The most plausible way for living beings bigger than a cell to maintain buoyancy would be to feature blisters or balloons of Hydrogen.
Helium is unlikely to work since it's inert and would need to be captured directly from the surrounding air. If there is enough Helium in the air mix to capture it easily, it's buoyant effect will be much smaller. Hydrogen can be extracted from water present in a much denser air with electrolysis or some other fairly simply chemical process.
So, anything living can stay afloat, but if it's damaged or dead, it will fall down. New generations would hitch a ride on the parent until they achieve their own buoyancy, so that is not an issue.
The major problem to solve is how to get back all of the heavy molecules that fall down, out of the ecosystem.
There are two sources of heavy molecules that I can see:
- Storms/tornadoes picking up (organic) muck from the ground and spreading it into the floating ecosystem. where it's captured by large floating mats or webs that serve as a feeding ground for more complex life forms. This has the advantage of potentially cycling forever.
- Heavy molecules rain down from space. The planet/moon/ecosystem is moving through a very large cloud containing heavy molecules that somehow was blown off of a planet or escaped becoming part of a planet during the solar system's formation. This scenario would allow for a better dispersion of the molecules, but would only last as long as the cloud does, which would likely be shorter than it takes for life to evolve (balloons).
Humans would have a very hard time surviving in this ecosystem (without their own balloons/flying devices).
The first problem is that humans are heavy, with a density like water, about a thousand times more than air. They'd be limited to the biggest floating structures and risk tearing right through any spot that's too thin. Still, it is possible for a large enough bunch of balloons to support humans.
The second problem is that humans need lots of water and food to power their metabolism and especially brains, while the entire ecosystem needs to make do with very little of either.
Water would be available in small quantities from rain or clouds, but since collecting a pool of water would force a floating lifeform to sink, there are not likely to be any pools available.
Food may or may not be a problem, depending on how edible the bigger floating lifeforms are for humans. But eating the float that keeps you up there is not a long term solution. Humans would be dependent on being able to reach different floats before their food and water run out, which pretty much requires some kind of flying device, unless the number of big floats is such that they keep bumping into each other.
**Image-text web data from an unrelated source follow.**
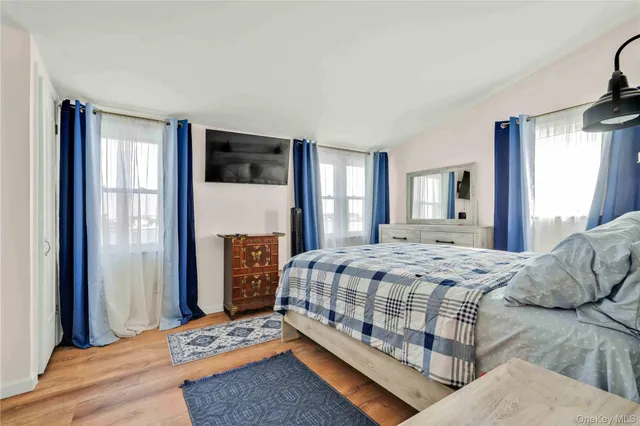 $995,000 | 155-79 Bayview Avenue | Rosedale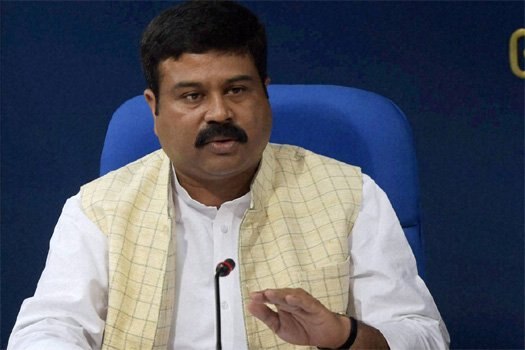 Raids on gas agency of Oil Minister Dharmendra Pradhan's brother Raids on gas agency of Oil Minister Dharmendra Pradhan's brother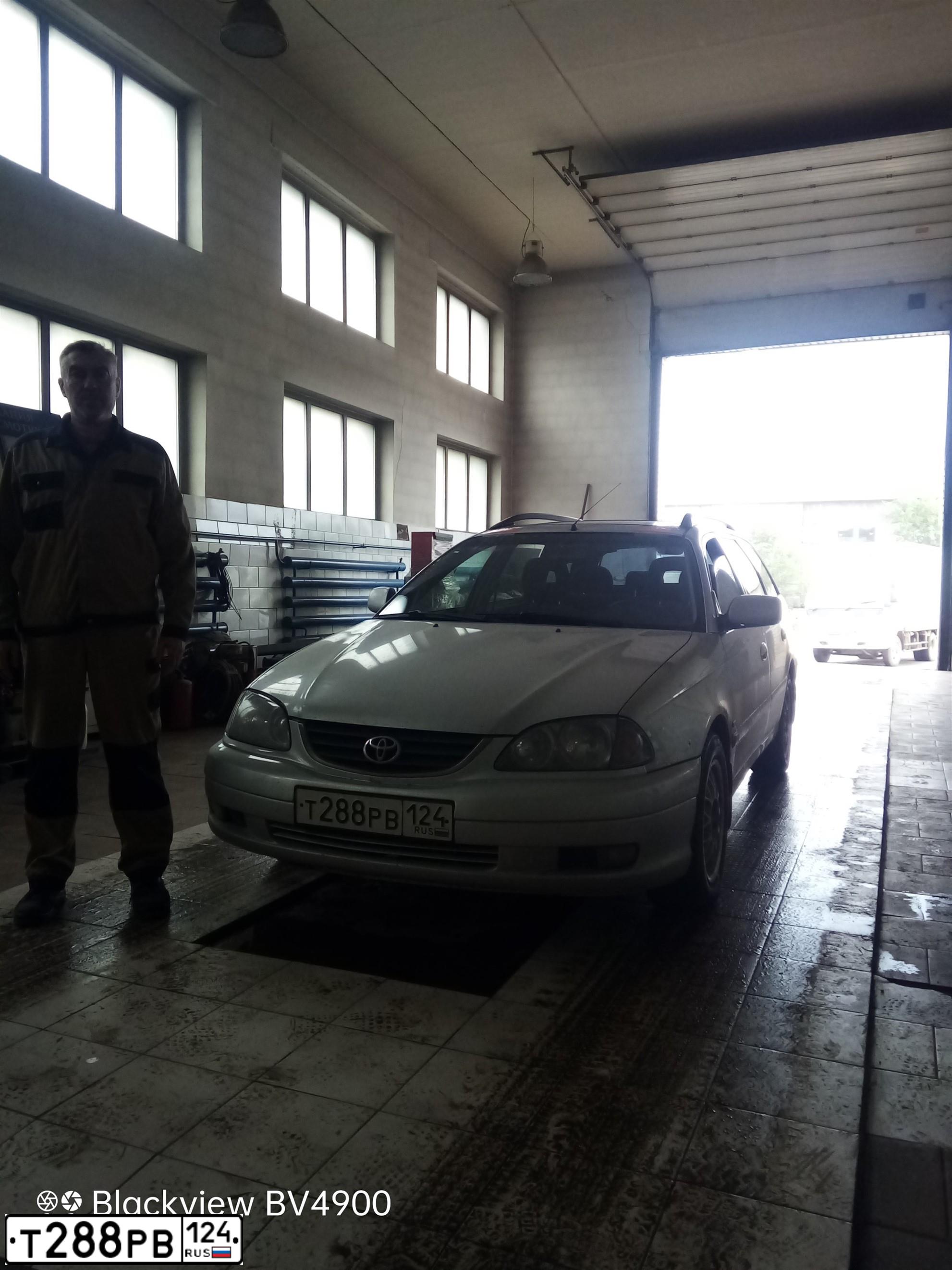 Фото автомобиля TOYOTA AVENSIS, 2001 — госномер А134ЕР51. Цвет: БЕЛЫЙ СЕРЕБРИСТЫЙ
A more exotic way to support the flying ecosystem would be to have particles with some kind of anti-gravity effect.
It might not be pure anti-gravity but some kind of magnetic interaction (like in the movie Avatar) that forces the particles or lumps of matter containing them to rise up from the ground. This would allow for heavier-than-air materials to get and stay up in the ecosystem and would generally make it more "normal", since you just insert the needed quantity of antigrav material into any object you want and it will stay afloat. You want an island with a lake and a castle? No problem. You want a floating mountain? Go ahead.